Выступающие облупленные карнизы делают улочки угловатыми; стены из сырцового кирпича то сжимают их, то заставляют беспорядочно извиваться, пока не растворяют окончательно где-то вдали, в приторных, дурманящих ароматах, и нет никаких особых примет, по которым их можно было бы различить. Но мужчина идет вперед очень уверенно, будто ему знакома здесь каждая пядь. Порой до него доносятся чьи-то гортанные голоса, лай собак, приглушенные звуки… Он прошел уже значительную часть пути, и вдруг за вымощенным камнем двориком и городскими воротами открывается широкий проспект с пальмами, современными зданиями и сверкающими вывесками по обе стороны — новый квартал Танжера.

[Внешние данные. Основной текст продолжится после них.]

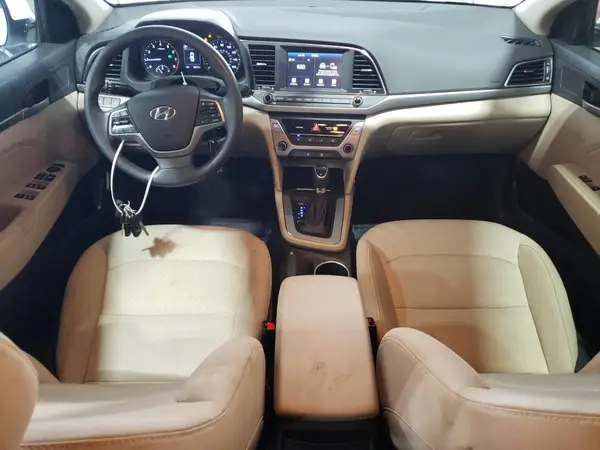 5NPD84LF5JH327578 2018 HYUNDAI ELANTRA - Image 8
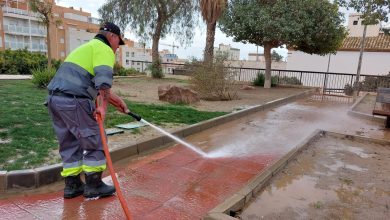 Photo of El Ayuntamiento de Adra autoriza, hasta el 31 de marzo, las labores de baldeo de fachadas tras el temporal de polvo y lluvia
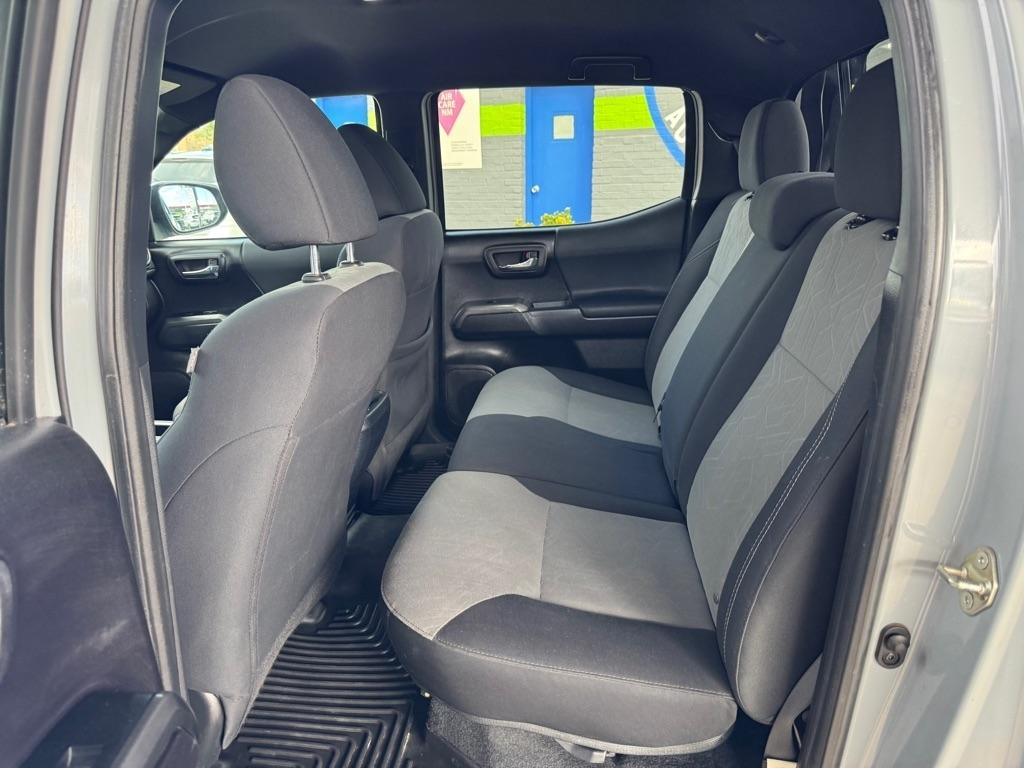 Toyota Tacoma 2WD TRD Off Road Double Cab 5' Bed V6 AT (Natl) 2020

Большое окно желтоватым опалом светится в темноте. Кафе «Париж» на площади Франции погружено в свою обычную полуночную жизнь: кости и домино стучат по мраморным плиткам, дрожащие руки выделывают сложные па над ломберными столиками, лампочка, покачиваясь на длинном шнуре, освещает рассыпавшиеся бильярдные шары. Многие иностранцы отсчитывают дни своего пребывания в городе с нетерпением школьников, отмечающих в календаре оставшиеся до каникул дни, и для них лучший способ на время забыть о ностальгии — прийти в одно из тех немногих мест, где можно развлечься на европейский манер. Недаром старожилы в шутку называют это кафе «пуповиной Европы». Сигаретный дым, плывущий за стеклами, мешает разглядеть, что творится внутри. Мужчина прислоняется лбом к окну и напряженно вглядывается. Вдруг черты его разглаживаются и будто освещаются. Он молод, у него несколько надменное и застывшее выражение лица, присущее, как ни странно, пылким натурам. Темные, по-военному коротко стриженые волосы еще не высохли после душа. Четкая линия бровей подчеркивает сияние глаз, блестящих от напряжения и любопытства. Какое-то время он продолжает всматриваться в окно, стараясь охватить взглядом сразу все, но в конце концов сдается и входит в кафе.
В окаймленном высокими колоннами пространстве плавает густая дымовая завеса, приглушая шум импровизированных вечеринок, когда каждый, потакая своим прихотям, слушает только себя, а говорит громче и жарче обыкновенного. От стола к столу перелетают фразы, оскорбительные комментарии, нецензурные слова, без которых не обходится ни одна шутка в адрес арабов; здесь обмениваются слухами, называют имена отправившихся в отставку министров, обсуждают скандалы, катастрофы, беспорядки, и все это с преувеличениями, вполне естественными для тех, кто проводит ночь с рюмкой в руках. Мужчина сначала стоит неподвижно, будто в растерянности, как человек, попавший из темноты в ярко освещенное помещение, затем осматривается. Глаза его уже не похожи на два буравчика, но по-прежнему цепки. Вот он начинает медленно двигаться между столиками: руки привычно засунуты в карманы, на лице выражение то ли лукавства, то ли превосходства, словно ему доставляет удовольствие просто так, без всякой цели обозревать всех с высоты, — на ходу здоровается со знакомыми, продолжая оглядываться, вдруг расплывается в улыбке и большими шагами направляется в глубь кафе, обнаружив наконец того, кого искал.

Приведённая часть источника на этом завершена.